RECORDS SHOWN:
* * * * * * * * *

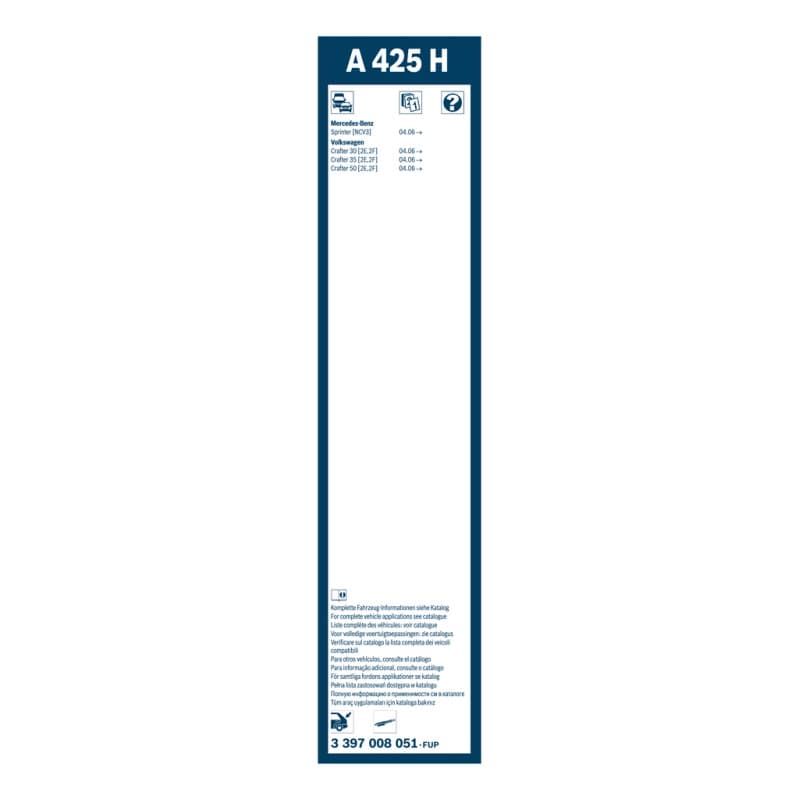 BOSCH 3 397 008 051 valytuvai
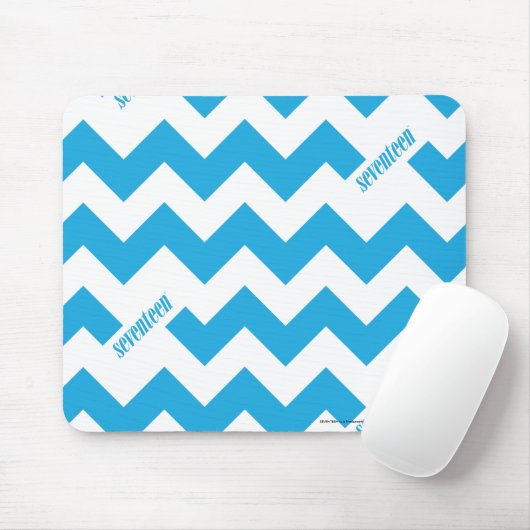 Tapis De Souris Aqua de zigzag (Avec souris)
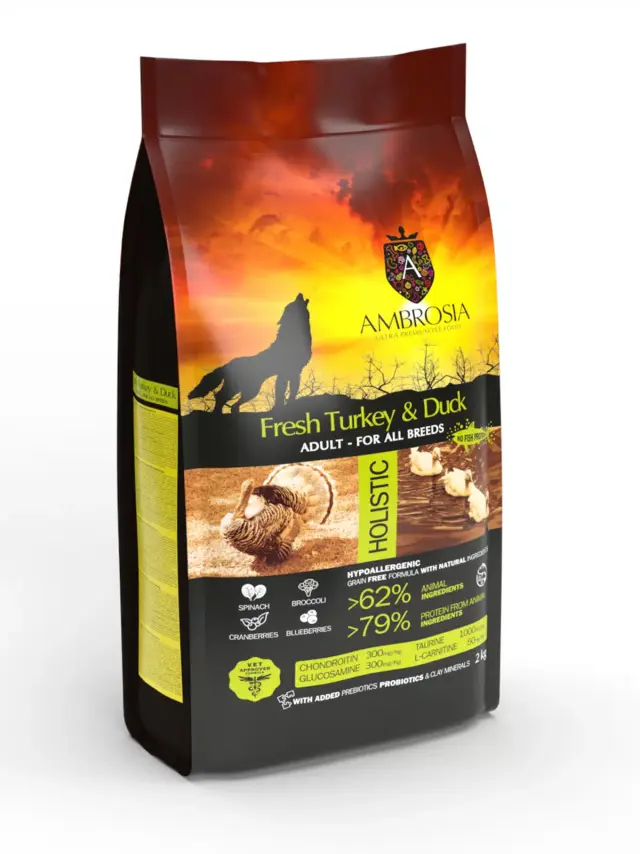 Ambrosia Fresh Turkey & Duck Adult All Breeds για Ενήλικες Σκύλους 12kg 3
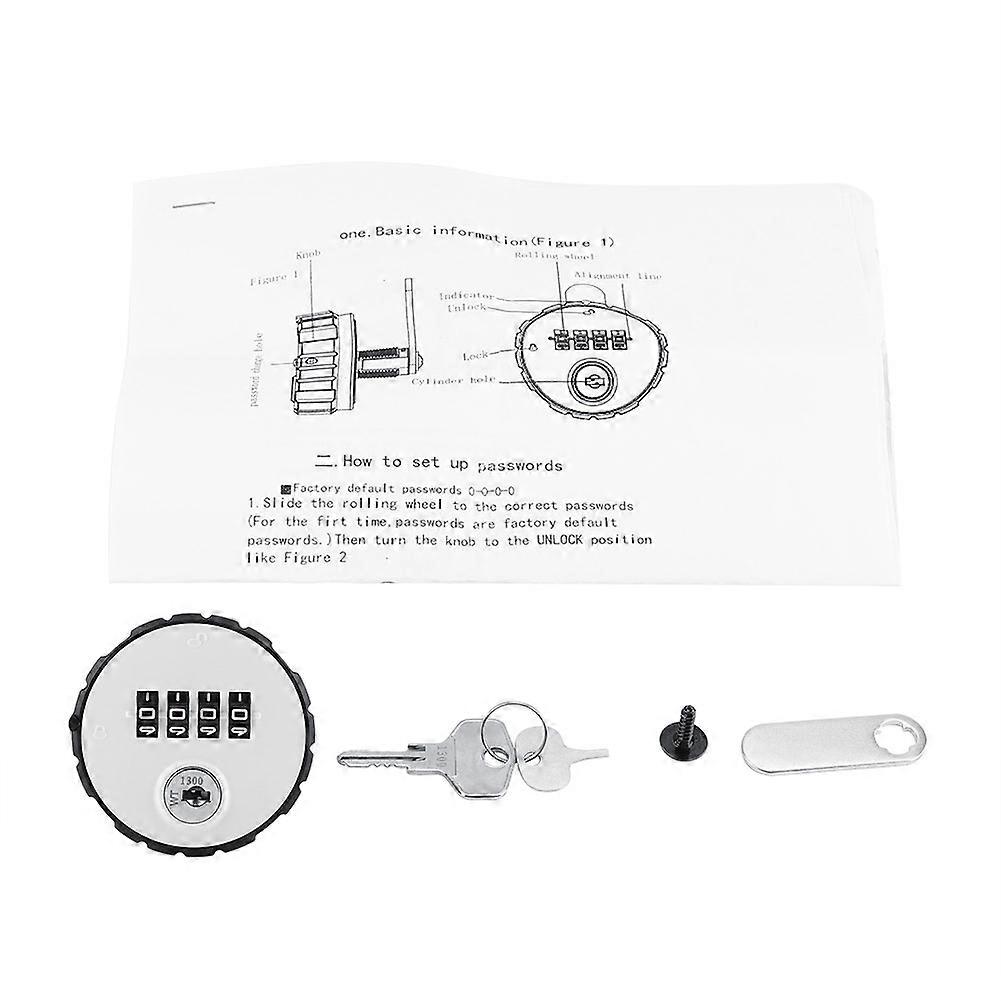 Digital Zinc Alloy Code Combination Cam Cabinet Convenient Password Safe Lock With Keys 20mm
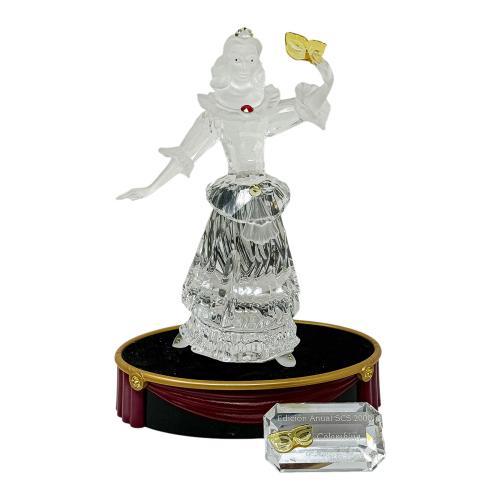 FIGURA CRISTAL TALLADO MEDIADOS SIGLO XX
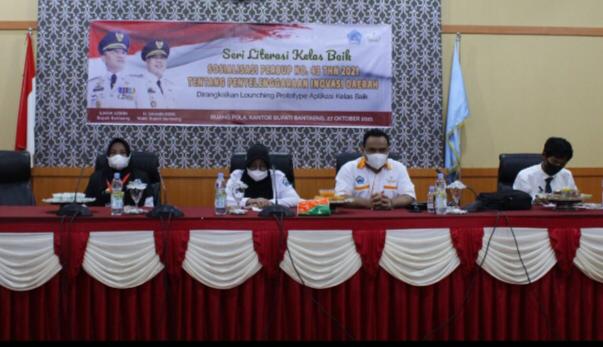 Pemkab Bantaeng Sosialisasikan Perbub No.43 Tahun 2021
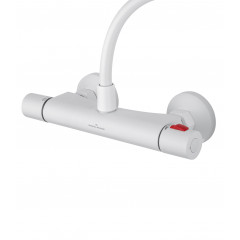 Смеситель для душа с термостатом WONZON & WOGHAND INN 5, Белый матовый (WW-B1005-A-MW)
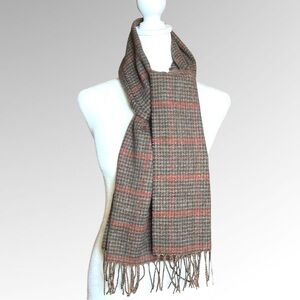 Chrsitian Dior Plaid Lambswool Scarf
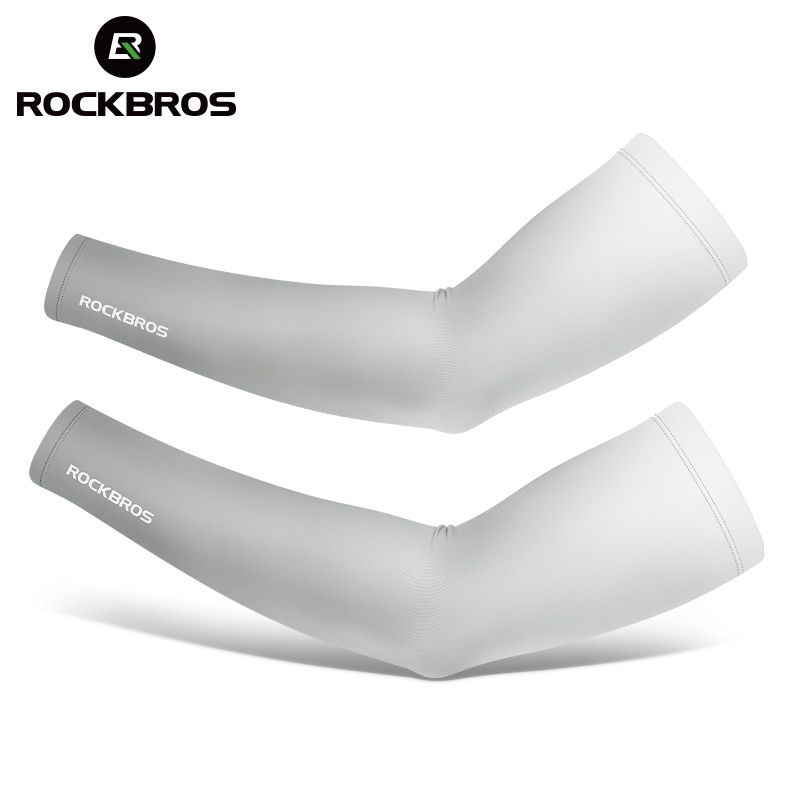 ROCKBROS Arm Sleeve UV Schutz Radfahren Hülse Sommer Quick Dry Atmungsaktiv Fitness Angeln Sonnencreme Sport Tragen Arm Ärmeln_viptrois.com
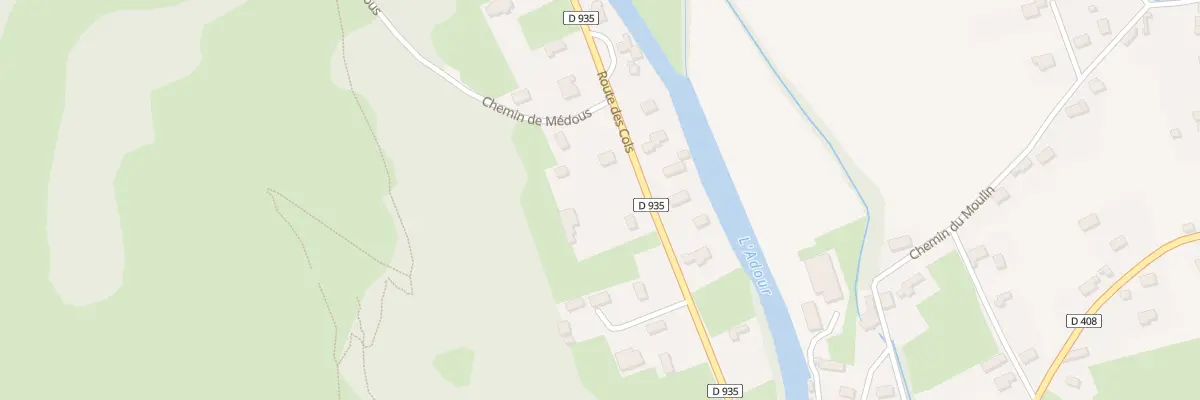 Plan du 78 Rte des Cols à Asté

* * * * * * * * *

TASK DIRECTIONS: Write out exactly the lines from the one containing "Pemkab Bantaeng Sosialisasikan" to the last line of the records above, both included, and leave out any pictures.

RESPONSE:
 Pemkab Bantaeng Sosialisasikan Perbub No.43 Tahun 2021
 Смеситель для душа с термостатом WONZON & WOGHAND INN 5, Белый матовый (WW-B1005-A-MW)
 Chrsitian Dior Plaid Lambswool Scarf
 ROCKBROS Arm Sleeve UV Schutz Radfahren Hülse Sommer Quick Dry Atmungsaktiv Fitness Angeln Sonnencreme Sport Tragen Arm Ärmeln_viptrois.com
 Plan du 78 Rte des Cols à Asté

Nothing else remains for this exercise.